I''ve been sailing for about 10 years. I have owned an O''Day 22'' for the past 4 years (a lazer before that), my better half has sailed for at least 15 years and ownes an Islander 24'' I crew regularly on a J105 and am the delivery skipper of the J105 to all our regattas (mostly 1 day to get to and from), I have sailed at night, can navigate, read charts, gps, etc.

Neither of us have US Sailing Bareboat certifications but I have taken a us power squadren course in navigation and feel that I am a very good sailor (I handle a sailboat well,I am safe, cautious, can anchor well, dock, etc. etc.)

What specifically are charter companies looking for , before allowing a bareboat charter?? (besides ponying up tons of cash)

Thanks....


----------



## Stede (Jun 13, 2002)

maestro,

IMO, the two main things charter companies look at is your over all skill level -sailing/seamanship, and your familiarity in skippering a boat of similar size to the one you''re wanting to charter. Before my first charter, I had achieved a "Bareboat Certification" through a school aboard a 38 ft.boat. When I charterd, I got a 40 ft.boat. The charter company accepted my certification aboard the 38ft.boat to be sufficient to enable me to handle the 40 footer. It sounds to me like you have good over all skills. Worst case scenario, the charter company might make you take a skipper out for a half day to prove you know what you''re doing, depending on the size boat you are asking for. I suggest a first time charter in an area like the BVI. Sailing is great, navigation is easy, and it will allow you to get the first one (charter)under your belt. After that, I don''t think it will ever be a concern again from other charter companies. Good luck!


----------



## TSOJOURNER (Dec 16, 1999)

Hi Maestro,

The Charter Companies are looking for a valid credit card. That is 90% of your qualification to charter. The sailing resume you fill out accounts for an additional 5%. Some may disagree but I challenge them to prove it. The manner in which you and your party conduct themselves upon arrival fill in the rest, however that last 5% can also be a killer. Being polite is always best. I bet, some local fellow will judge you worthy down there after he has seen you.

Study before you go. Be honest about your experience. You have plenty. Be very careful and watch out for the other charter boats aroung you. Some get by with no experience at all.


----------



## TSOJOURNER (Dec 16, 1999)

Gold Card enough for BVI''s, Platinum is needed for the Grenadines ....

Watch out for all the charter boats with just the jib up and the iron genny roaring. Especially in perfect winds. 

Thorsten

ps. you have more experience than I have and I had NO problem in the BVI''s to get a boat.


----------



## WaltAllensworth (Dec 10, 2003)

maestro - It sounds like you''ll be just fine. Be honest on the resume - you''ve got plenty of experience to qualify for the BVI. It''s easy if you''re careful. It''s like everything... you''ll get no serious questions unless things go bad, and in that case, the resume had better be accurate!
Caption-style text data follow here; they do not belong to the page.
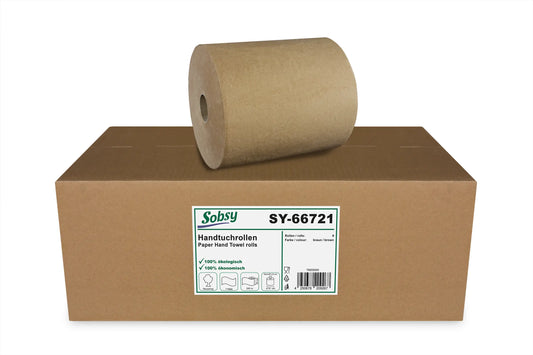 Sobsy Handtuchrolle Autocut 20 cm, 1-lagig, recycling braun, Ø 19 cm, 6 Rollen im Karton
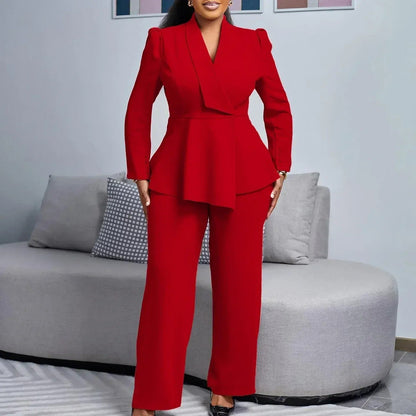 Women's Chic Peplum Jacket and Trousers Suit Set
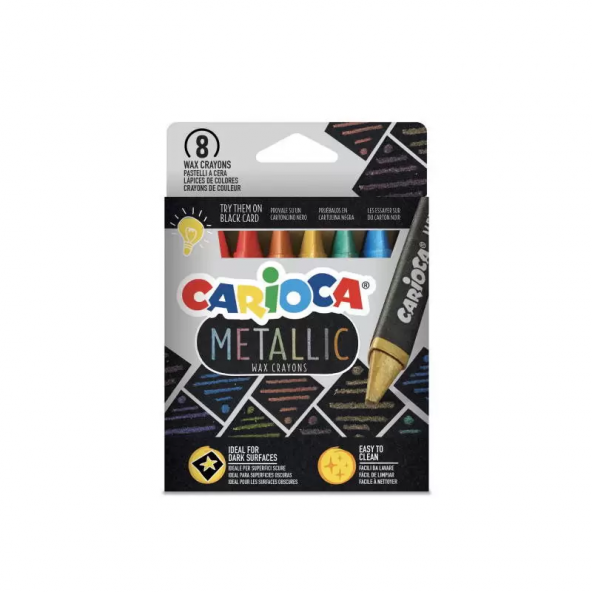 Carioca Metalik Wax Maxi Yıkanabilir Pastel Boya Kalemi 8li
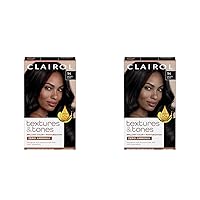 Clairol Textures & Tones Permanent Hair Dye, 1N Natural Black Hair Color, Pack of 2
I''ve chartered 4 times in the Caribbean, and can definately say that no one has ever asked me enough questions to verify that I was capable of sailing the boat or not. Kinda sad, and kinda scary!


----------



## S/VNirvana (Jan 2, 2004)

My first sailboat was an Odat 23 Pop Top.
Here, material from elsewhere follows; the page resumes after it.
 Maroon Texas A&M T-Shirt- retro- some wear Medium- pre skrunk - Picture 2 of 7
I have been sailing for over twenty five years in Long Island Sound with my wife. I did all of the sailing.

We chartered with the Moorings this past October (our first time). I filled out the resume based on my experience and also my certificates and usage of all the electronics. When you sit back and look at this you may think that this was someone else''s resume.

Be honest and when you get there they will show most of the locations on board and in a day you will think your sailing your own boat.
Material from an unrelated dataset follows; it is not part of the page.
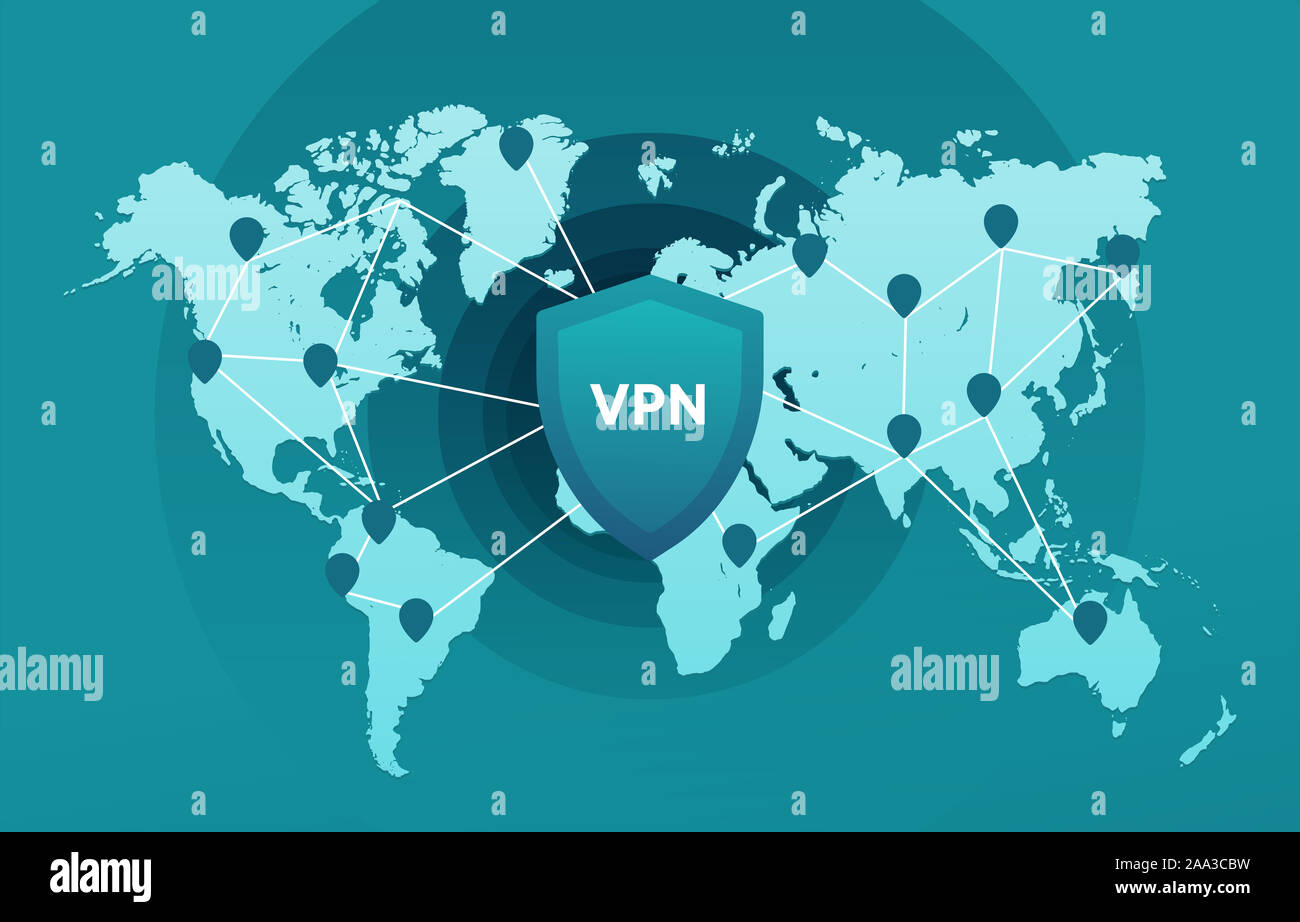 VPN-Verbindung und Servern, die auf der Weltkarte Stockfoto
It seems that you have all the qualifications necessary. JUST BE CAUTIOUS and ENJOY YOURSELF!

You won''t be sailing at night and make sure that you are at anchor before dark. There are no lights to guide you through the area. You notice no traffic at night through the Drake Channel.

P.S. I don''t know if the Moorings didn''t give me a hard time because we just bought a Moorings 494 or they took my resume as it looked.


----------